2 = CRAM is organized as 1024 longs, color data stored in 8:8:8 format.
3 = CRAM is organized as 1024 longs, color data stored in 8:8:8 format.
Mode 3 is undocumented, but appears to be identical to mode 2.
In mode 0, values written to CRAM offsets $000-7FF are also written to
offsets $800-FFF. Likewise, values written to offsets $800-FFF are written
to offsets $000-7FF. So write mirroring is done for both parts of CRAM.
In mode 1 there is no mirroring and the entire CRAM region can be
accessed normally.
In mode 2 and 3 the CRAM address bus has some bits shuffled around:
MSB LSB
A11 A10 A09 A08 A07 A06 A05 A04 A03 A02 A01 A00 = Intended offset
| | | | | | | | | | | |
A10 A09 A08 A07 A06 A05 A04 A03 A02 A01 A11 A00 = Actual offset
This arrangement has the first two bytes of each four byte entry at
CRAM offsets $000-7FF, and the last two bytes at offset $800-FFF.
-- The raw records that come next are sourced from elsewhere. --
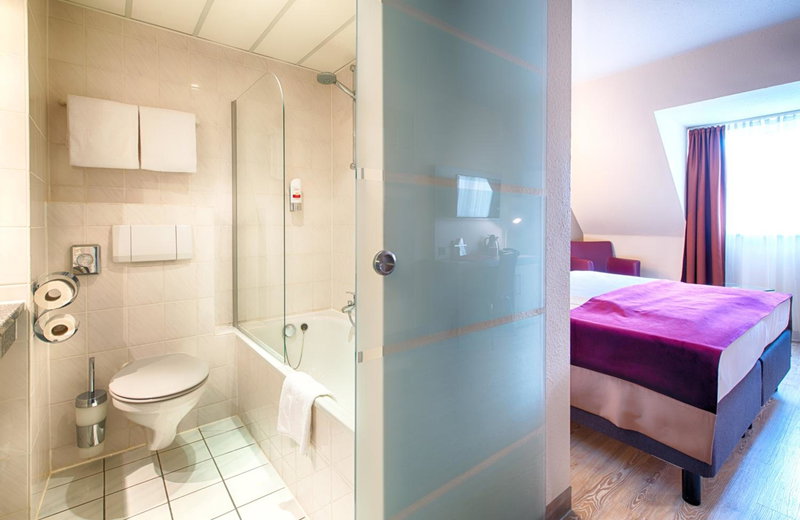 Leonardo Hotel Mannheim-Ladenburg, Viernheim, Germany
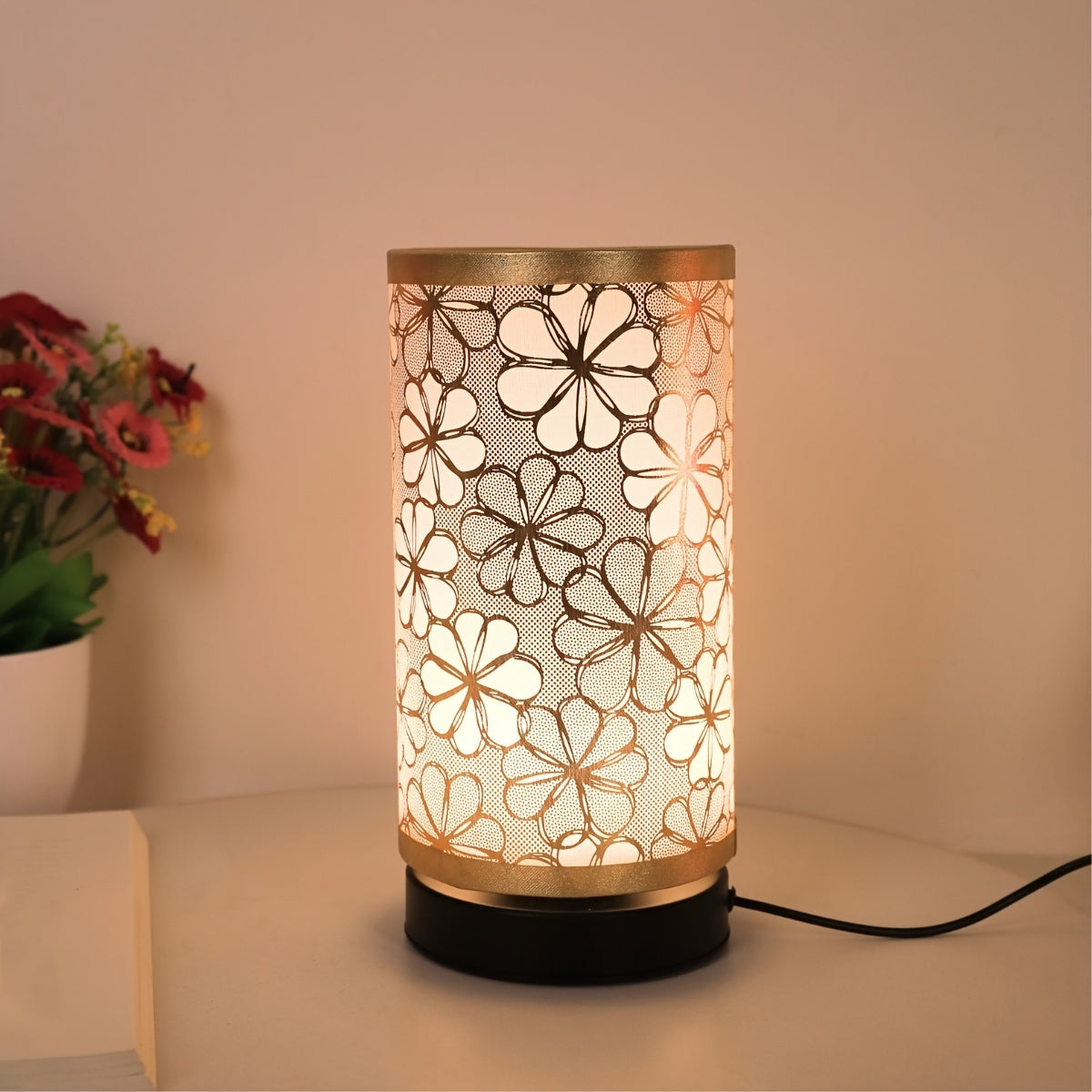 Floral USB Table Lamp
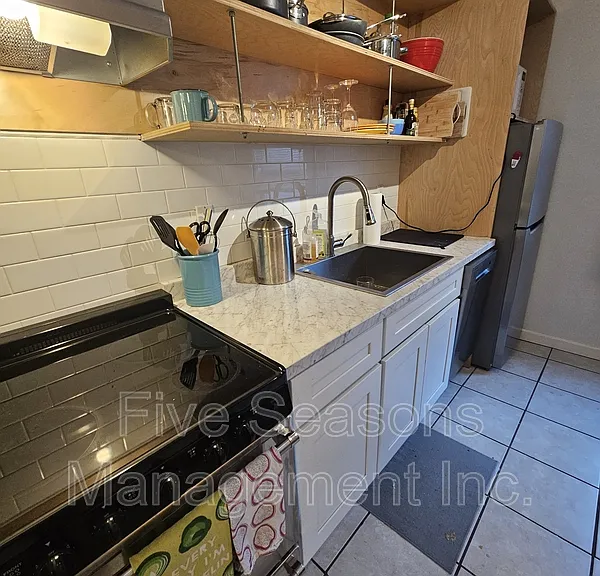 22-24 Hayward St #4 — Photo 7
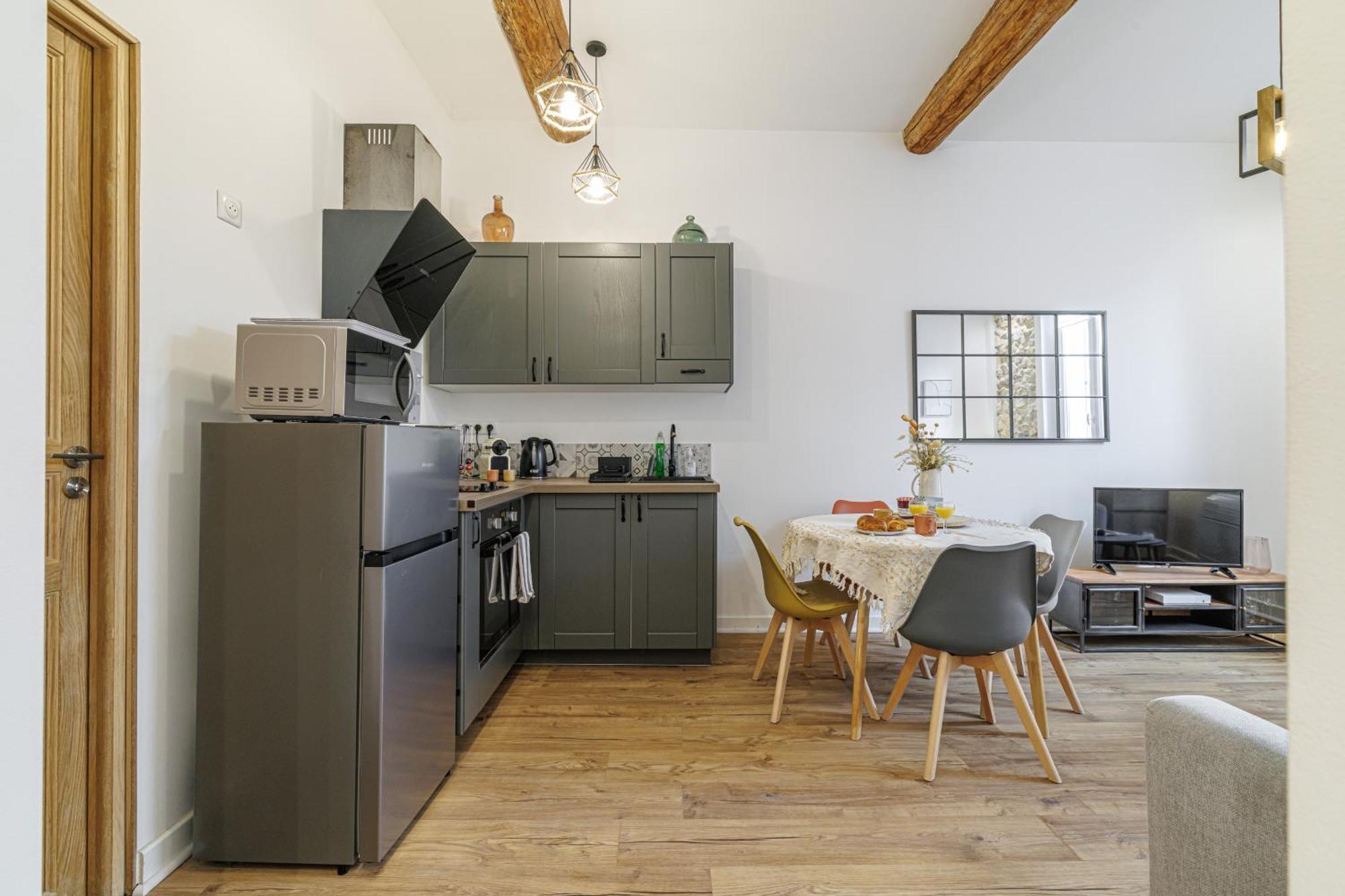Old Town Superb New Flat, For 3, Ac, Wi-fi *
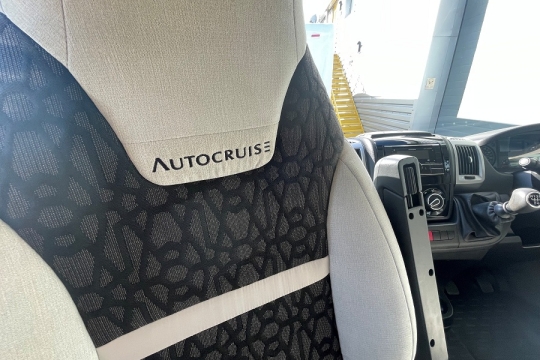 auto-cruise select-122-interior-upholstery.jpg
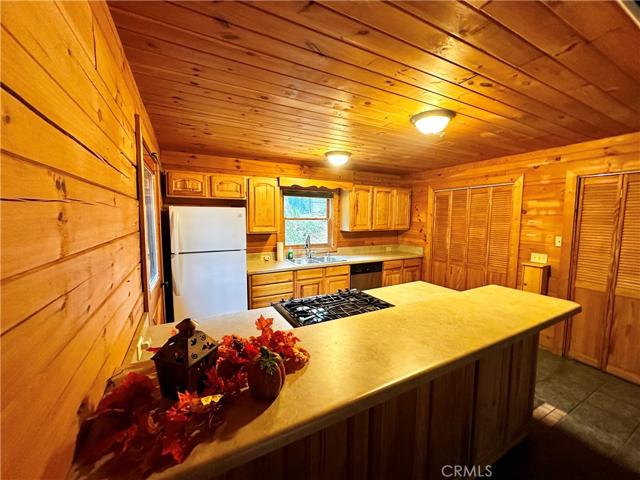 37023 Alder Drive, Mountain Home Village, California 92359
This distinction between how CRAM is addressed is important if a program
reads or writes data in one mode that is to be used in a different mode.
----------------------------------------------------------------------------
VDP2 Display
----------------------------------------------------------------------------
The VDP2 generates the following types of displays:
NTSC - 60 frames per second, 263 lines per frame
PAL - 50 frames per second, 313 lines per frame
Here's a description of how each frame is composed. I have visually
inspected the NTSC displays and provide more details about them, whereas
for the PAL modes I can only divide the display into the active display
and blanking/border/sync areas.
NTSC, 224 lines:
224 lines for the active display area
8 lines for the bottom border area
5 lines for the bottom blanking area
3 lines for the vertical sync area
15 lines for the top blanking area
8 lines for the top border area
NTSC, 240 lines:
240 lines for the active display area
5 lines for the bottom blanking area
3 lines for the vertical sync area
15 lines for the top blanking area
PAL, 224 lines:
224 lines for the active display area
89 lines for blanking and sync
PAL, 240 lines:
240 lines for the active display area
73 lines for blanking and sync
PAL, 256 lines:
256 lines for the active display area
57 lines for blanking and sync
A typical display frame looks like this:
+----------------+ Scanline 0
| |
| Active display | Graphics data is shown here.
| |
+----------------+
| | Either black (BDCLMD=0) or set to the border color
| Bottom border | as defined by the back screen. The bottom border is
| | optional.
+----------------+
| |
| Bottom blanking| Appears as light black.
| |
+----------------+
| |
| Vertical sync | Appears as pure black.
| |
+----------------+
| |
| Top blanking | Appears as light black.
| |
+----------------+
| | Either black (BDCLMD=0) or set to the border color
| Top border | as defined by the back screen. The top border is
| | optional.
| |
+----------------+ Scanline 262 or 312
Exclusive Monitor display modes
When bit 2 of the HRESOx field is set, the exclusive monitor modes are
enabled. It's not exactly clear what kind of monitor these modes are
supposed to be used with, I would guess HDTV or possibly VGA.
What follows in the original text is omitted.